There’s also a recipe for a 7-Layer Salad from Lynne Austin who is the original Hooters girl, who says it’s the perfect dish to take “to a PTA meeting.” But I think not a lot would get done by the men at that meeting – and maybe a few of the women – if she showed up dressed like she is in the book. Yet I have to hand it to her – she’s pretty smart because if she cooks dressed like some of the pictures I’ve seen of her, she didn’t have to worry about getting too many of her clothes dirty. (On the other hand, I would recommend being a little more modest when deep-frying.)
And for those of you didn’t know you could make your own iced tea, which never occurred to me until the book said that they were going to reveal a big secret to us readers – which was that, yes! – you could make your own iced tea…who knew? So I’m happy to have a recipe for that as well. Which is a good thing, ’cause I need to cool down from looking at Lynne. Er, I mean her well-stacked 7-Layer Salad.
Unfortunately I didn’t have the six tea bags necessary to make ice tea. But I did have some onions and decided to tackle onion rings, which the recipe said would make my taste buds “do the wave.” I tried to translate that into French, which was a bit more of a challenge than I was ready to tackle, so I decided to let that one pass.
When I was done and all my onions had been dipped, fried and salted, I was thrilled to find in the back of the book, a certificate from “Chef Hootie, Dean of Man Food” which I signed. And what better way to celebrate my successful graduation?
4 to 6 servings
Inspired by The Hooters Cookbook (Arnica)

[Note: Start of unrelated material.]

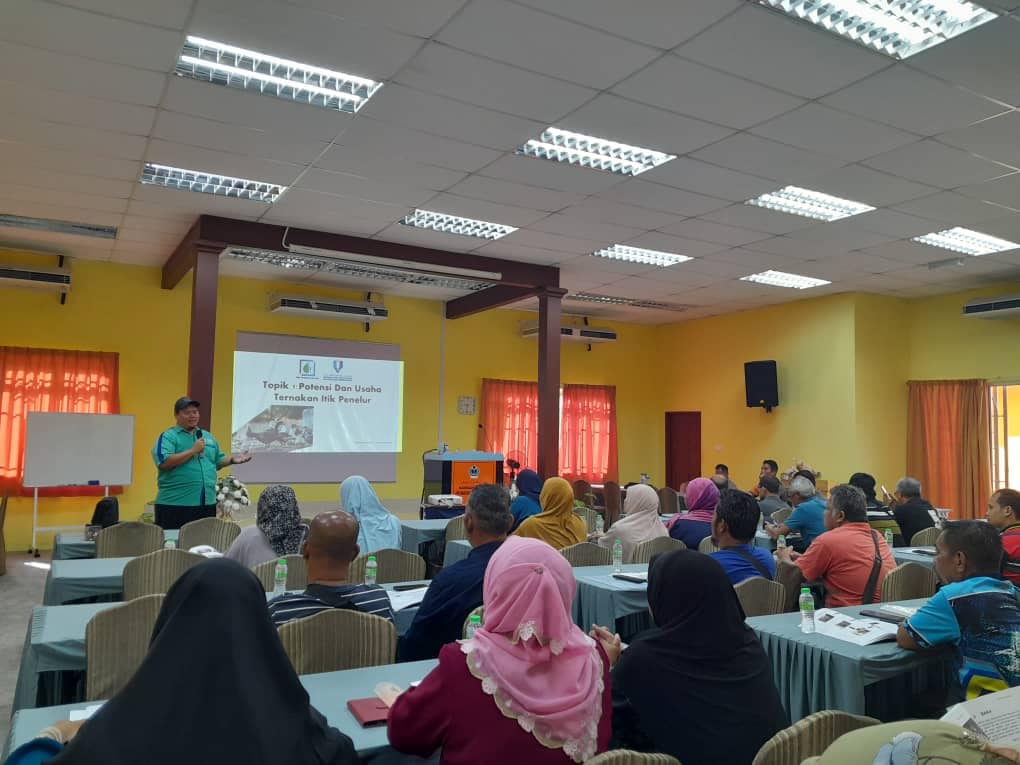 BENGKEL LATIHAN & PEMINDAHAN TEKNOLOGI TERNAKAN ITIK PENELUR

I know they like things spicy at Hooters, and the recipe in the book called for a whopping 1 tablespoon of ground black pepper and 2 tablespoons of “your favorite hot sauce.” I ended up using the mix below, although it you want to give them a try, you can come up with your own spices and seasonings. Ideally you should use a sweet onion, such as Vidalia.
- 1 cup (140 g) flour, plus more for dusting the onions
- or 3/4 cup (110 g) flour, plus 1/4 cup (35 g) cornmeal
- 1 cup (250 ml) beer
- 1 teaspoon freshly ground black pepper
- 1/2 teaspoon red pepper powder (I used ancho chile powder)
- 1/2 teaspoon salt
- 2 medium onions, peeled and cut in 1/3-inch (1 cm) thick rings
Peanut oil, for frying the onion rings
1. Mix the flour (or flour and cornmeal) in a bowl and stir in the beer, black and red pepper, and salt. Cover, and let sit one hour at room temperature.
2. In a wide saucepan or skillet, heat about 2 inches (5 cm) peanut oil until it reaches 370ºF (180ºC.)
3. Spread some flour on a plate and working in batches, toss 5 or 6 of the onion rings in the flour, then dip each one in the batter, shaking off any excess, then dropping them one at a time into the hot oil.
4. Cook the onion rings for a few minutes, turning them with a slotted spon or other utensil with holes, until browned on both sides. Remove and set on paper towels, or on a wire cooling rack above paper towels, to drain. While warm, salt the onion rings with additional salt. Continue to fry the rest of the onions the same way. Eat immediately.